Mudryk's latest message
The post itself was simple enough. It was a training photo, nothing more, but the wording matters because Mudryk has been out of competitive football since November 2024. His own words are the clearest fresh signal in a case that has otherwise been defined by waiting.
CAS's statement is the other piece that gives the update some substance. “CAS confirms it has received an appeal by Mykhailo Mudryk against the FA, filed on 25 February 2026. The Parties are currently exchanging written submissions, and a hearing is yet to be scheduled,” the body said. That keeps the matter at an early stage, with no decision and no hearing date on the calendar.
The case is still unresolved
Mudryk was charged in June 2025 and given a four-year ban by the FA. He has denied knowingly breaking anti-doping rules, saying he “never knowingly used any banned substances or broken any rules.” If the full suspension stands, he would be eligible to play again in December 2028.
Chelsea are still waiting on a player they have not been able to use for a long stretch, and the club have had no clearer indication than this week’s post that movement may be coming. Mudryk has also been training at Uxbridge FC with a personal fitness coach and hired goalkeepers, which shows he has not been detached from football work while the case runs its course.
What Chelsea are missing
There is a football case inside the legal one. Mudryk's last five competitive matches before the suspension included ratings of 7.7, 6.6, 8.3, 6.2 and 7.5. He scored in the 2-0 Conference League win over Heidenheim and the 8-0 Conference League win over Noah, and averaged 7.2 across that run.

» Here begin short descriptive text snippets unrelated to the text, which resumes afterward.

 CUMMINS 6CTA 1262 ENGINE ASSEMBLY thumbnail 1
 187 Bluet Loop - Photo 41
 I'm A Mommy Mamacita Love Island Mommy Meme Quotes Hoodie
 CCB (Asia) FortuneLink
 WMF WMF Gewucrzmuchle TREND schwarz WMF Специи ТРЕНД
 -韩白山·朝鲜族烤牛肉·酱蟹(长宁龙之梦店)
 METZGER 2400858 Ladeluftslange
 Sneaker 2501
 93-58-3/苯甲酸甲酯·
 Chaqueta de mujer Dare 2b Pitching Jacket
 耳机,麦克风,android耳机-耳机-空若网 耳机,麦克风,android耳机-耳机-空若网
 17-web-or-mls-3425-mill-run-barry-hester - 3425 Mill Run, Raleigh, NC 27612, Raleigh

That is not proof of anything beyond form, but it does show Chelsea were at least getting useful output before the ban hit. The winger logged 311 minutes across those five matches and finished that sequence with a 7.7 in his final competitive outing. For a club still listed 10th in the Premier League season block, losing a player who was contributing at that level has not helped.
For now, though, the main story is still the same: Mudryk has posted, CAS has confirmed the appeal, and the hearing has not been scheduled.